4.ª. Assim, a impossibilidade de comunicar com os bons Espíritos seria uma espécie de punição?
“Em certos casos, pode ser uma verdadeira punição, como a
possibilidade de comunicar com eles é uma recompensa que deveis
esforçar-vos por merecer.” (Veja-se —
Perda e suspensão da mediunidade, n.º 220.)
5.ª. Não se pode também combater a influência dos maus Espíritos, moralizando-os?
“Sim, mas é o que não se faz e é o que não se deve descurar de fazer,
porquanto, muitas vezes, isso constitui uma tarefa que vos é dada e que
deveis desempenhar caridosa e religiosamente. Por meio de sábios
conselhos, é possível induzi-los ao arrependimento e apressar-lhes o
progresso.”
a) Como pode um homem ter, a esse respeito, mais influência do que a têm os próprios Espíritos?

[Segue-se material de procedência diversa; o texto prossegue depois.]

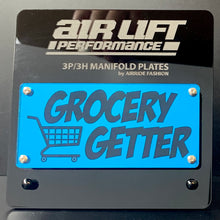 Load image into Gallery viewer, GROCERY GETTER Mirrored Acrylic Airlift Manifold Plate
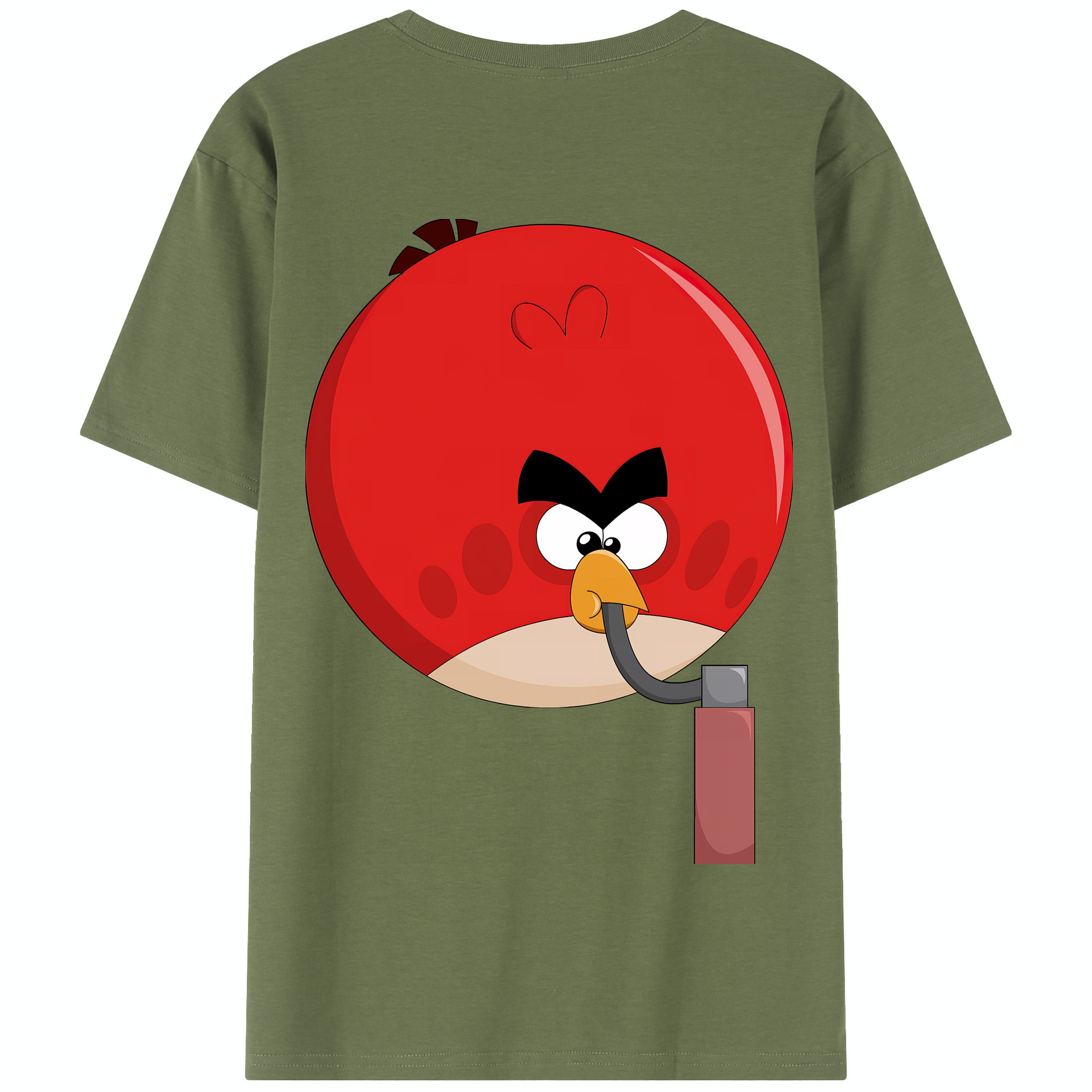 （画像用） Angry Birds アングリーバード 綿100％半袖Tシャツ（背面プリント）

“Os Espíritos perversos se aproximam antes dos homens que eles
procuram atormentar, do que dos Espíritos, dos quais se afastam o mais
possível. Nessa aproximação dos humanos, quando encontram algum que os
moralize, a princípio não o escutam e até se riem dele; depois, se
aquele os sabe prender, acabam por se deixarem tocar. Os Espíritos
elevados só em nome de Deus lhes podem falar e isto os apavora. O homem,
indubitavelmente, não dispõe de mais poder do que os Espíritos
superiores; sua linguagem se identifica melhor, porém, com a natureza
daqueles outros, e, ao verem o ascendente que o homem pode exercer sobre
os Espíritos inferiores, melhor compreendem a solidariedade que existe
entre o céu e a Terra.
“Demais, o ascendente que o homem pode
exercer sobre os Espíritos está na razão da sua superioridade moral. Ele
não domina os Espíritos superiores, nem mesmo os que, sem serem
superiores, são bons e benevolentes, mas pode dominar os que lhe são
inferiores em moralidade.” (Veja-se o n.º 279.)
6.ª. A subjugação corporal, levada a certo grau, poderá ter como consequência a loucura?
“Pode, a uma espécie de loucura cuja causa o mundo desconhece, mas
que não tem relação alguma com a loucura ordinária. Entre os que são
tidos por loucos, muitos há que apenas são subjugados; precisariam de um
tratamento moral, enquanto que com os tratamentos corporais os tornamos
verdadeiros loucos. Quando os médicos conhecerem bem o Espiritismo,
saberão fazer essa distinção e curarão mais doentes do que com as
duchas.” (N.º 221.)
7.ª. Que se deve pensar dos que, vendo um
perigo qualquer no Espiritismo, julgam que o meio de preveni-lo seria
proibir as comunicações espíritas?
“Se podem proibir a certas
pessoas que se comuniquem com os Espíritos, não podem impedir que
manifestações espontâneas sejam feitas a essas mesmas pessoas, porquanto
não podem suprimir os Espíritos, nem lhes impedir que exerçam sua
influência oculta. Esses tais se assemelham às crianças que tapam os
olhos e ficam crentes de que ninguém as vê. Fora loucura querer suprimir
uma coisa que oferece grandes vantagens, só porque imprudentes podem
abusar dela. O meio de se lhe prevenirem os inconvenientes consiste, ao
contrário, em torná-la conhecida a fundo.”